- Born: Texas
- Education: Southwestern Baptist Theological Seminary (M.A.) & Wesley Theological Seminary (PhD)
- Occupation: Broadcast journalist
- Years active: Over 20 years
- Employer(s): NBC, KDAF, WTTG-TV
- Known for: Broadcast journalism
- Awards: NABJ Hall of Fame Honoree

= Ruth Allen Ollison =

American journalist

Ruth Allen Ollison, an African-American journalist based in Houston, Texas, who became the first African-American female news director in a top 10 market for her work at KDAF and spent over 20 years in broadcast journalism in various positions.

==Personal==
Ruth Allen Ollison was born in rural Texas where she worked as a waitress before her journalism career. Ollison has a husband named Quincy and a son named Jacob. She pursued graduate degrees in divinity from Southwestern Baptist Theological Seminary (M.A.) and ministry from Wesley Theological Seminary (PhD).

==Career==
As a journalist, Ollison worked in various news departments in Texas and Washington, D.C. She worked as the assistant news director at WTTG-TV in Washington DC. Ollison also worked in various Texas news organizations in San Antonio, Houston, and Dallas. She started the NBC affiliate in Tyler, Texas. She also ran the KDAF and KXAS channels in Dallas.

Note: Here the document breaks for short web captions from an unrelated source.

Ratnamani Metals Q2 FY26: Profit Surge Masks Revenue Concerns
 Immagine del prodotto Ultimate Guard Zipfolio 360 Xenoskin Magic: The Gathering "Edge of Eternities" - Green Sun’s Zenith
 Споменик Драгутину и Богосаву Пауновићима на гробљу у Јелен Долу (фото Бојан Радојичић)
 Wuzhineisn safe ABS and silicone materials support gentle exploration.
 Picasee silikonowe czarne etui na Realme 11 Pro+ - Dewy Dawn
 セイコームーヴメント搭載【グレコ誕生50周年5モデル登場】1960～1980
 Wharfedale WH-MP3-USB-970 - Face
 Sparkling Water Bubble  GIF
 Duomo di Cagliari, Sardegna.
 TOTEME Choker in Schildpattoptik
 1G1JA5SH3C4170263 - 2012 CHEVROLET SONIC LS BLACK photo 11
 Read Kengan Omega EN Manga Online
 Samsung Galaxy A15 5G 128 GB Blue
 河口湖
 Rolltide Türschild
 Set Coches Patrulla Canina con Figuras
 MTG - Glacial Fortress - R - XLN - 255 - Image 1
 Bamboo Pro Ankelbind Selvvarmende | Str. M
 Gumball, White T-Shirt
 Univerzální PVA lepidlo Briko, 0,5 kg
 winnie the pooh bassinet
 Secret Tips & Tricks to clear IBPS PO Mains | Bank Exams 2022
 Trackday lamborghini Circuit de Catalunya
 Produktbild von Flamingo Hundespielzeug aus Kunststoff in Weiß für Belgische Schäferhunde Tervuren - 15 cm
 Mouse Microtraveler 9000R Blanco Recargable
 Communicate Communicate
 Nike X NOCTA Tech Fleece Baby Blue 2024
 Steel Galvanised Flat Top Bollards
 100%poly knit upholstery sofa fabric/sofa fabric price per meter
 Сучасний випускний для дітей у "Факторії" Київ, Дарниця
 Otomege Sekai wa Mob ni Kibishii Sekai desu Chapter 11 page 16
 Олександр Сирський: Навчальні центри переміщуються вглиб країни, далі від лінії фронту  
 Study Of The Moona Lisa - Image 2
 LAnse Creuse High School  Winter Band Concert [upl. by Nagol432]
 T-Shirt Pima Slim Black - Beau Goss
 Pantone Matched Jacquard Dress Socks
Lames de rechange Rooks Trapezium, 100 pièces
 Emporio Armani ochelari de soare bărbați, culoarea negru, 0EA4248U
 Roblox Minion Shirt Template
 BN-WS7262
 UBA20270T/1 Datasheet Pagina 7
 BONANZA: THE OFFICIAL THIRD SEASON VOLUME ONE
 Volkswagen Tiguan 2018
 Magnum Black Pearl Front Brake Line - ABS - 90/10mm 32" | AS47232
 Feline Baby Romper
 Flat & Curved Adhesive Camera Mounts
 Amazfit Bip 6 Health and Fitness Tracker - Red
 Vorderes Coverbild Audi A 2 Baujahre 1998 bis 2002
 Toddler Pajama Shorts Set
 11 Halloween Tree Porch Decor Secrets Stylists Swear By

In 1989 Ollison began an eight-month campaign for the presidency of the National Association of Black Journalists. Ollison reportedly received nearly $10,000 from her employer at WTTG-TV for the campaign. Ollison ended up losing the 1989 election. Ollison was the regional director of the National Association of Black Journalists for four years.

After her career in broadcasting, she converted a crack house in inner city Houston into the Beulah Land Community Church. Ollison also served as an adjunct professor at Houston Baptist University, Houston Graduate School of Theology, and B.H. Carroll Theological Institute. In addition, Ollison is a government contractor through her work with Ollison/Elsberg. She is a coach for broadcast personalities and a specialist in helping failing news departments. Ollison is the founder and spiritual leader of the Beulah Land Community Church.

==Notable works of journalism==
Ollison is well known for starting the news department at an NBC affiliate in Tyler, Texas. Ollison is also helped enhance various failing news departments in Texas and Washington D.C. Ollison has headed Emmy Award winning news departments in Texas and Washington D.C. and has a reputation as a turnaround specialist.
Ollison's work has inspired many women business leaders like Patricia Vice. Ollison work can be seen on Women Who Lead show from HCCTV.

==Impact==
In 1985, Ollison became the first African-American woman to become a News Director in a top ten marker due to her work at KDAF in Dallas, Texas.

Ollison worked for 20 years in broadcast communication and helped to influence many struggling new departments throughout her career. Ollison went on to become news director at KETK in Tyler, Texas and assistant news director for Fox Channel 5 in Washington D.C. Ollison's worked as a turn-around specialist, someone who works with failing news departments, and through her work she helped improve many news departments over her career. Ollison is a big proponent for diversity in the newsroom through actively seeking out African-American news casters. Ollison sought to improve conditions in inner-city Houston by starting a ministry.

==Reactions==
According to the National Association of Black Journalists Ollison "...has shown renowned strengths in news reporting, anchoring, and management." The Atlanta Daily World praised Ollison for her work as a news executive in enhancing various news networks. Ollison has also been praised for her contributions to the Beulah Land Community Church.

==Awards==
Ollison's work in broadcast journalism earned her a spot in the National Association of Black Journalist's Hall of Fame.